WHAT THE TASK REQUIRES >>
Line by line, transcribe all of the entries exactly.
(Beginning of RAW DATA)
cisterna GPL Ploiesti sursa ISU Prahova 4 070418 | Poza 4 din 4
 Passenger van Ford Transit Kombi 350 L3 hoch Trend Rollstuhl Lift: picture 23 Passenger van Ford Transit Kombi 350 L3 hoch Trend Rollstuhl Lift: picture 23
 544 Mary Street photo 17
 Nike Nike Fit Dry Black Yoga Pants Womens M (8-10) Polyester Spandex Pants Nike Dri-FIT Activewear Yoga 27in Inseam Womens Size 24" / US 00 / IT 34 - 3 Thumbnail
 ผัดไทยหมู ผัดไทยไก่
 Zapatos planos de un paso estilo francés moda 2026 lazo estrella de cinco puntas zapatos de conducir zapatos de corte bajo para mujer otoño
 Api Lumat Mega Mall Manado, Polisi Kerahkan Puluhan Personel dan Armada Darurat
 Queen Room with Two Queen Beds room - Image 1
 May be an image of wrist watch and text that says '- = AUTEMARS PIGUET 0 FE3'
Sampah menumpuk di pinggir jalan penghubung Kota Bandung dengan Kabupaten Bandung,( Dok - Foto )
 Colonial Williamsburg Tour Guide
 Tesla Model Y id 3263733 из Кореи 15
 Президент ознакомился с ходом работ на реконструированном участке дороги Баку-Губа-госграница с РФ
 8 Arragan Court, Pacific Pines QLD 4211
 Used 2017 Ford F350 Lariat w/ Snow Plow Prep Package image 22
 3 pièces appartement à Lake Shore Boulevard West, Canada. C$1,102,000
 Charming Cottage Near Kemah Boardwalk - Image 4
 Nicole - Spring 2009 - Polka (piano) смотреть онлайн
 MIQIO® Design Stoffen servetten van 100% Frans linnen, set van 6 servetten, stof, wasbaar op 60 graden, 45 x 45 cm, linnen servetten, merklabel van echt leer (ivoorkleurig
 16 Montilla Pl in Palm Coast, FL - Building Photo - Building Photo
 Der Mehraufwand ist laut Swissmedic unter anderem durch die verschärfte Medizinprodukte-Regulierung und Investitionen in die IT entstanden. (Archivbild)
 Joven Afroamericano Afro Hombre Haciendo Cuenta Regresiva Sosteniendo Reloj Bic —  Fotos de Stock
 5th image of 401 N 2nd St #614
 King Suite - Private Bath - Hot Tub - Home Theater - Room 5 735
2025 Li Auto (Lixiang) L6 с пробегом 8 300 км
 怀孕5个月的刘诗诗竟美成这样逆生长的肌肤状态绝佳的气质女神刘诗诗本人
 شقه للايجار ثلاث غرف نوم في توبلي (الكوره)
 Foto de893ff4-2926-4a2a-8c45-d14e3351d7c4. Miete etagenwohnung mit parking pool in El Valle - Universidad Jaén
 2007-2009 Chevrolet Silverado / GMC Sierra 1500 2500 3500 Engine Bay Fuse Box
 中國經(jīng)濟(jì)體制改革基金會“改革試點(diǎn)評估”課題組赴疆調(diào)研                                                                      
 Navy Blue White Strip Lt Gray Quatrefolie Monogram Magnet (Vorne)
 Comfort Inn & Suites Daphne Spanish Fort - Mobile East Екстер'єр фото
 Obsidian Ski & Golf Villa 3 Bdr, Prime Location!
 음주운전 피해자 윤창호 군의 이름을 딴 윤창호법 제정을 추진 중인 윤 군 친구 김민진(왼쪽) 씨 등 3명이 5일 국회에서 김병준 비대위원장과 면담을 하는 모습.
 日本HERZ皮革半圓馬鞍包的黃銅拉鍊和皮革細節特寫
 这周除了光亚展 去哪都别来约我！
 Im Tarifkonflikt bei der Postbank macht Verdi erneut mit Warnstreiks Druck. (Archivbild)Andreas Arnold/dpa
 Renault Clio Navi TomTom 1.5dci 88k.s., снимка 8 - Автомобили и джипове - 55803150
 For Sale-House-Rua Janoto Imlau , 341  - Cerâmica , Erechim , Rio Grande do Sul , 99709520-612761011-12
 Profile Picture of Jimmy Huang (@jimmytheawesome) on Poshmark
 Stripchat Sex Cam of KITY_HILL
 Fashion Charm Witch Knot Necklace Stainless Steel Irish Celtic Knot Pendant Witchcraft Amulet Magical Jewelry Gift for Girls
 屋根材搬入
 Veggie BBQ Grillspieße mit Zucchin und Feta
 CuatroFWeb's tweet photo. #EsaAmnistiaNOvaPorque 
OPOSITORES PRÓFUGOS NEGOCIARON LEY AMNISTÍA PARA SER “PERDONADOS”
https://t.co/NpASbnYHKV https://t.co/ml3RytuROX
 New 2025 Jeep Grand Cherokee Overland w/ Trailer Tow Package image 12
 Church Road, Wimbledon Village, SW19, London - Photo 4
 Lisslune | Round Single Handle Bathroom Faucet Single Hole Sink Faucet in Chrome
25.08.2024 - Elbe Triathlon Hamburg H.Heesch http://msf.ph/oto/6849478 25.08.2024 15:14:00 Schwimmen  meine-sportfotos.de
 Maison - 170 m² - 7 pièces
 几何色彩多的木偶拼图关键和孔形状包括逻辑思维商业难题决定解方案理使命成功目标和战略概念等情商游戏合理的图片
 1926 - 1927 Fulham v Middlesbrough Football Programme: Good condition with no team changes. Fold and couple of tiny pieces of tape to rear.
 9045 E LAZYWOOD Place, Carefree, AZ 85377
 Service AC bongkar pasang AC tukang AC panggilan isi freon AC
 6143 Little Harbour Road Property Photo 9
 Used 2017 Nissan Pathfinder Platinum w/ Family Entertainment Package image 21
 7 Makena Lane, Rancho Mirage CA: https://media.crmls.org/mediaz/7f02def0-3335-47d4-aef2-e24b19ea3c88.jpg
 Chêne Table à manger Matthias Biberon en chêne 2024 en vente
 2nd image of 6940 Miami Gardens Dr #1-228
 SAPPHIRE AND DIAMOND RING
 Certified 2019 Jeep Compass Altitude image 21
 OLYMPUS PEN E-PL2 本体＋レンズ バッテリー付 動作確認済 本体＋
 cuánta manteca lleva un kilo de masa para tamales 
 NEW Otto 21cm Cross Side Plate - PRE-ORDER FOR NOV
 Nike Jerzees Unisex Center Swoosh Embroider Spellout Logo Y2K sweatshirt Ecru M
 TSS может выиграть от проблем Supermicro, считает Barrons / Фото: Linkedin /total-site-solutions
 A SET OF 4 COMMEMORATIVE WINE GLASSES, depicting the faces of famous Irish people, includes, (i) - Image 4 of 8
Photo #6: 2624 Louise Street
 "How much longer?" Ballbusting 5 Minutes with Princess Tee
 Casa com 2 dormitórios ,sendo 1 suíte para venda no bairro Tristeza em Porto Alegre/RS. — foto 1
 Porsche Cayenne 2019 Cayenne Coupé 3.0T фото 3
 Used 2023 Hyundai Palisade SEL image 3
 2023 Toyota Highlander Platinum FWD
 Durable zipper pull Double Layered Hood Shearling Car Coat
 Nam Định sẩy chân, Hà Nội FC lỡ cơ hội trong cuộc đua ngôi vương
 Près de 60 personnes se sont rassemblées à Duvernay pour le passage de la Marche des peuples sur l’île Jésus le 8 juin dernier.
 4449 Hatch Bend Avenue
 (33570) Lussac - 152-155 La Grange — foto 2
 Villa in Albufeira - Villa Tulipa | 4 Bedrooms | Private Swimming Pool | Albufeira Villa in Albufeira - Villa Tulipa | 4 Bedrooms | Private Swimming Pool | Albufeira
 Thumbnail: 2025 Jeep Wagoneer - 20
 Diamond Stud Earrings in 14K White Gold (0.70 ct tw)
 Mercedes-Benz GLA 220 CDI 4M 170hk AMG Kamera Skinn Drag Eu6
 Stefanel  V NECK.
(End of RAW DATA)
EXPECTED OUTPUT >>
cisterna GPL Ploiesti sursa ISU Prahova 4 070418 | Poza 4 din 4
 Passenger van Ford Transit Kombi 350 L3 hoch Trend Rollstuhl Lift: picture 23 Passenger van Ford Transit Kombi 350 L3 hoch Trend Rollstuhl Lift: picture 23
 544 Mary Street photo 17
 Nike Nike Fit Dry Black Yoga Pants Womens M (8-10) Polyester Spandex Pants Nike Dri-FIT Activewear Yoga 27in Inseam Womens Size 24" / US 00 / IT 34 - 3 Thumbnail
 ผัดไทยหมู ผัดไทยไก่
 Zapatos planos de un paso estilo francés moda 2026 lazo estrella de cinco puntas zapatos de conducir zapatos de corte bajo para mujer otoño
 Api Lumat Mega Mall Manado, Polisi Kerahkan Puluhan Personel dan Armada Darurat
 Queen Room with Two Queen Beds room - Image 1
 May be an image of wrist watch and text that says '- = AUTEMARS PIGUET 0 FE3'
Sampah menumpuk di pinggir jalan penghubung Kota Bandung dengan Kabupaten Bandung,( Dok - Foto )
 Colonial Williamsburg Tour Guide
 Tesla Model Y id 3263733 из Кореи 15
 Президент ознакомился с ходом работ на реконструированном участке дороги Баку-Губа-госграница с РФ
 8 Arragan Court, Pacific Pines QLD 4211
 Used 2017 Ford F350 Lariat w/ Snow Plow Prep Package image 22
 3 pièces appartement à Lake Shore Boulevard West, Canada. C$1,102,000
 Charming Cottage Near Kemah Boardwalk - Image 4
 Nicole - Spring 2009 - Polka (piano) смотреть онлайн
 MIQIO® Design Stoffen servetten van 100% Frans linnen, set van 6 servetten, stof, wasbaar op 60 graden, 45 x 45 cm, linnen servetten, merklabel van echt leer (ivoorkleurig
 16 Montilla Pl in Palm Coast, FL - Building Photo - Building Photo
 Der Mehraufwand ist laut Swissmedic unter anderem durch die verschärfte Medizinprodukte-Regulierung und Investitionen in die IT entstanden. (Archivbild)
 Joven Afroamericano Afro Hombre Haciendo Cuenta Regresiva Sosteniendo Reloj Bic —  Fotos de Stock
 5th image of 401 N 2nd St #614
 King Suite - Private Bath - Hot Tub - Home Theater - Room 5 735
2025 Li Auto (Lixiang) L6 с пробегом 8 300 км
 怀孕5个月的刘诗诗竟美成这样逆生长的肌肤状态绝佳的气质女神刘诗诗本人
 شقه للايجار ثلاث غرف نوم في توبلي (الكوره)
 Foto de893ff4-2926-4a2a-8c45-d14e3351d7c4. Miete etagenwohnung mit parking pool in El Valle - Universidad Jaén
 2007-2009 Chevrolet Silverado / GMC Sierra 1500 2500 3500 Engine Bay Fuse Box
 中國經(jīng)濟(jì)體制改革基金會“改革試點(diǎn)評估”課題組赴疆調(diào)研                                                                      
 Navy Blue White Strip Lt Gray Quatrefolie Monogram Magnet (Vorne)
 Comfort Inn & Suites Daphne Spanish Fort - Mobile East Екстер'єр фото
 Obsidian Ski & Golf Villa 3 Bdr, Prime Location!
 음주운전 피해자 윤창호 군의 이름을 딴 윤창호법 제정을 추진 중인 윤 군 친구 김민진(왼쪽) 씨 등 3명이 5일 국회에서 김병준 비대위원장과 면담을 하는 모습.
 日本HERZ皮革半圓馬鞍包的黃銅拉鍊和皮革細節特寫
 这周除了光亚展 去哪都别来约我！
 Im Tarifkonflikt bei der Postbank macht Verdi erneut mit Warnstreiks Druck. (Archivbild)Andreas Arnold/dpa
 Renault Clio Navi TomTom 1.5dci 88k.s., снимка 8 - Автомобили и джипове - 55803150
 For Sale-House-Rua Janoto Imlau , 341  - Cerâmica , Erechim , Rio Grande do Sul , 99709520-612761011-12
 Profile Picture of Jimmy Huang (@jimmytheawesome) on Poshmark
 Stripchat Sex Cam of KITY_HILL
 Fashion Charm Witch Knot Necklace Stainless Steel Irish Celtic Knot Pendant Witchcraft Amulet Magical Jewelry Gift for Girls
 屋根材搬入
 Veggie BBQ Grillspieße mit Zucchin und Feta
 CuatroFWeb's tweet photo. #EsaAmnistiaNOvaPorque 
OPOSITORES PRÓFUGOS NEGOCIARON LEY AMNISTÍA PARA SER “PERDONADOS”
https://t.co/NpASbnYHKV https://t.co/ml3RytuROX
 New 2025 Jeep Grand Cherokee Overland w/ Trailer Tow Package image 12
 Church Road, Wimbledon Village, SW19, London - Photo 4
 Lisslune | Round Single Handle Bathroom Faucet Single Hole Sink Faucet in Chrome
25.08.2024 - Elbe Triathlon Hamburg H.Heesch http://msf.ph/oto/6849478 25.08.2024 15:14:00 Schwimmen  meine-sportfotos.de
 Maison - 170 m² - 7 pièces
 几何色彩多的木偶拼图关键和孔形状包括逻辑思维商业难题决定解方案理使命成功目标和战略概念等情商游戏合理的图片
 1926 - 1927 Fulham v Middlesbrough Football Programme: Good condition with no team changes. Fold and couple of tiny pieces of tape to rear.
 9045 E LAZYWOOD Place, Carefree, AZ 85377
 Service AC bongkar pasang AC tukang AC panggilan isi freon AC
 6143 Little Harbour Road Property Photo 9
 Used 2017 Nissan Pathfinder Platinum w/ Family Entertainment Package image 21
 7 Makena Lane, Rancho Mirage CA: https://media.crmls.org/mediaz/7f02def0-3335-47d4-aef2-e24b19ea3c88.jpg
 Chêne Table à manger Matthias Biberon en chêne 2024 en vente
 2nd image of 6940 Miami Gardens Dr #1-228
 SAPPHIRE AND DIAMOND RING
 Certified 2019 Jeep Compass Altitude image 21
 OLYMPUS PEN E-PL2 本体＋レンズ バッテリー付 動作確認済 本体＋
 cuánta manteca lleva un kilo de masa para tamales 
 NEW Otto 21cm Cross Side Plate - PRE-ORDER FOR NOV
 Nike Jerzees Unisex Center Swoosh Embroider Spellout Logo Y2K sweatshirt Ecru M
 TSS может выиграть от проблем Supermicro, считает Barrons / Фото: Linkedin /total-site-solutions
 A SET OF 4 COMMEMORATIVE WINE GLASSES, depicting the faces of famous Irish people, includes, (i) - Image 4 of 8
Photo #6: 2624 Louise Street
 "How much longer?" Ballbusting 5 Minutes with Princess Tee
 Casa com 2 dormitórios ,sendo 1 suíte para venda no bairro Tristeza em Porto Alegre/RS. — foto 1
 Porsche Cayenne 2019 Cayenne Coupé 3.0T фото 3
 Used 2023 Hyundai Palisade SEL image 3
 2023 Toyota Highlander Platinum FWD
 Durable zipper pull Double Layered Hood Shearling Car Coat
 Nam Định sẩy chân, Hà Nội FC lỡ cơ hội trong cuộc đua ngôi vương
 Près de 60 personnes se sont rassemblées à Duvernay pour le passage de la Marche des peuples sur l’île Jésus le 8 juin dernier.
 4449 Hatch Bend Avenue
 (33570) Lussac - 152-155 La Grange — foto 2
 Villa in Albufeira - Villa Tulipa | 4 Bedrooms | Private Swimming Pool | Albufeira Villa in Albufeira - Villa Tulipa | 4 Bedrooms | Private Swimming Pool | Albufeira
 Thumbnail: 2025 Jeep Wagoneer - 20
 Diamond Stud Earrings in 14K White Gold (0.70 ct tw)
 Mercedes-Benz GLA 220 CDI 4M 170hk AMG Kamera Skinn Drag Eu6
 Stefanel  V NECK.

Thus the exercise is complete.